Alpha-VL / ConvMAE

ConvMAE: Masked Convolution Meets Masked Autoencoders
MIT License
477 stars 41 forks source link

mask convolution #7

Closed cathylao closed 2 years ago

cathylao commented 2 years ago

Hi! Thanks for the opensource code. I noticed that the mask convolution in the code only masks the residual block, but the skip connection does not have a mask, as shown in line 119 of "ConvMAE/vision_transformer.py". The corresponding code is as follows: "x = x + self.drop_path(self.conv2(self.attn(mask * self.conv1(self.norm1(x.permute(0, 2, 3, 1)).permute(0, 3, 1, 2))))) " Will this lead to information leakage in convolution stage?

gaopengpjlab commented 2 years ago

Thanks for your interest. There are two ways to verify information leakage or not.

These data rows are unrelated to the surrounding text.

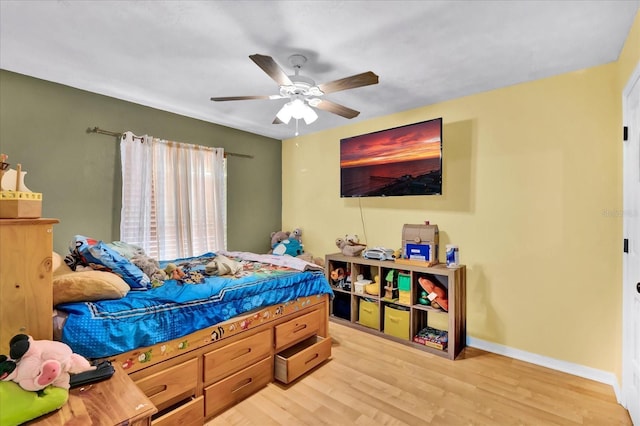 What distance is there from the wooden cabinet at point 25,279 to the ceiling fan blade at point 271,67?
125 cm

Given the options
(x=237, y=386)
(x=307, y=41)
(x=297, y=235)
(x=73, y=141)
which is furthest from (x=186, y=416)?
(x=297, y=235)

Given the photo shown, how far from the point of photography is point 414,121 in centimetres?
341

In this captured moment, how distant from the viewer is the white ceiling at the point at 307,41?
1720 millimetres

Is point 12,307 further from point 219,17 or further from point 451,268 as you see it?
point 451,268

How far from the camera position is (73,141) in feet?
9.26

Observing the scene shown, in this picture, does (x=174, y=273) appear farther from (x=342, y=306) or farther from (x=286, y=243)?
(x=286, y=243)

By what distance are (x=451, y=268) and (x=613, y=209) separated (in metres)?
1.25

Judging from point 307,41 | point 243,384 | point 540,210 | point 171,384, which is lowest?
point 243,384

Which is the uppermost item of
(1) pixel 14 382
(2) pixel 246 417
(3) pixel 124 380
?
(1) pixel 14 382

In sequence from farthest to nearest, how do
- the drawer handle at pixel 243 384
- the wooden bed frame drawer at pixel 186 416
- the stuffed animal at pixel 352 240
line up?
the stuffed animal at pixel 352 240 < the drawer handle at pixel 243 384 < the wooden bed frame drawer at pixel 186 416

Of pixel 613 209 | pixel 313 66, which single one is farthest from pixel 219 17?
pixel 613 209

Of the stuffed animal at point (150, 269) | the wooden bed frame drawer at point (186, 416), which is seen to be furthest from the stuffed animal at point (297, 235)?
the wooden bed frame drawer at point (186, 416)

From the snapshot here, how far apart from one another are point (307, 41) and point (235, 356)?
2171 millimetres

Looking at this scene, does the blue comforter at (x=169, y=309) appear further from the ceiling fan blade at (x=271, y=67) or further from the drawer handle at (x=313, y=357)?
the ceiling fan blade at (x=271, y=67) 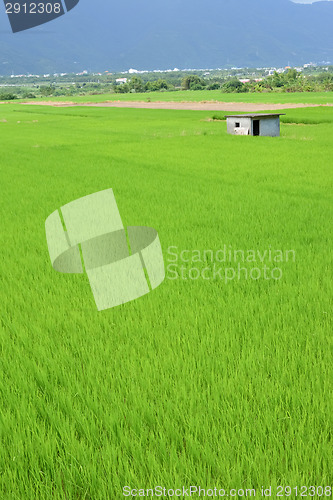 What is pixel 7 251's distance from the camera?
18.1 feet

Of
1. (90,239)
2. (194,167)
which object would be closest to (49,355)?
(90,239)

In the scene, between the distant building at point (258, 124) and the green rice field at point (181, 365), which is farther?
the distant building at point (258, 124)

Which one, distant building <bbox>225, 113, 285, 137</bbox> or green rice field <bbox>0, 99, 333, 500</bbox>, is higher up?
distant building <bbox>225, 113, 285, 137</bbox>

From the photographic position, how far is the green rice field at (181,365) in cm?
188

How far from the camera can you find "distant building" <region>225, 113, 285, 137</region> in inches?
731

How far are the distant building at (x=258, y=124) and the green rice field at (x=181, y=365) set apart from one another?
1265 cm

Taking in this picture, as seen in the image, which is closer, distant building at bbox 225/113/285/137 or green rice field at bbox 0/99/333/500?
green rice field at bbox 0/99/333/500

  1. Please check the reconstruction loss. It can empirically prove there is no information leakage happen inside ConvMAE. https://drive.google.com/file/d/1Je9ClIGCQP43xC3YURVFPnaMRC0-ax1h/view?usp=sharing
  2. Inside stage 1 and stage 2, spatial information aggregation happen at depthwise convolution operation. Masking on DW can prevent information leakage. Adding mask operations on other operator is redundant.
ding3820 commented 2 years ago

Hi @gaopengpjlab and @Alpha-VL ,

I just find out this thread discussing the issue I was curious to know. I can understand that the local attention only works on dw-conv but there is still an FFN after it. It is possible that FFN mixes some information from the skip connection branch and leads to the leakage. For the extreme case, the possibility of network learning to pass the original image throughout the all model by skip connection is still held. Let me know if I misunderstand anything. Thanks!

aichifandefan commented 1 year ago

Yeach, I have the same doubt.